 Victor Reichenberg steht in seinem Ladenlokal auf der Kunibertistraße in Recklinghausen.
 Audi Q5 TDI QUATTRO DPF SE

--

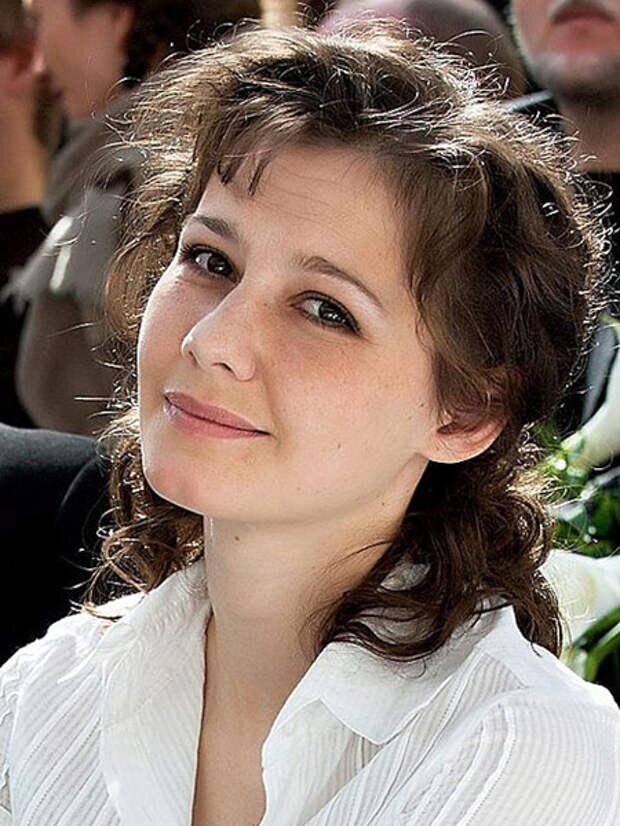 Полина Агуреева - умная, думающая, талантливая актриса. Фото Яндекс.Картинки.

● ACTION ITEM
Working from the material above, retype exactly the lines from the one with "Victor Reichenberg steht" through the one with "Audi Q5 TDI QUATTRO DPF SE", both included, and only those lines.

● REPLY TO THE TASK
 Victor Reichenberg steht in seinem Ladenlokal auf der Kunibertistraße in Recklinghausen.
 Audi Q5 TDI QUATTRO DPF SE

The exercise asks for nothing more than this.